--- START ---
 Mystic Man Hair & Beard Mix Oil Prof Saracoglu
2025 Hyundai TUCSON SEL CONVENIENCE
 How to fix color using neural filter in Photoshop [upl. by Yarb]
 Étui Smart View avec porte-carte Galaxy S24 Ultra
--- END ---
--- START ---
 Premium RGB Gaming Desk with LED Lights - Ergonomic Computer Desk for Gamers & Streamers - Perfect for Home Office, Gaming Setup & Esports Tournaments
--- END ---
--- START ---
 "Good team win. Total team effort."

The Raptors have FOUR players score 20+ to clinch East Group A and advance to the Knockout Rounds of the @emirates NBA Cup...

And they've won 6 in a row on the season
--- END ---
Would you print exactly and only the lines of the material above that run from the line with "Mystic Man Hair" through the line with "Étui Smart View", both included?

 Mystic Man Hair & Beard Mix Oil Prof Saracoglu
2025 Hyundai TUCSON SEL CONVENIENCE
 How to fix color using neural filter in Photoshop [upl. by Yarb]
 Étui Smart View avec porte-carte Galaxy S24 Ultra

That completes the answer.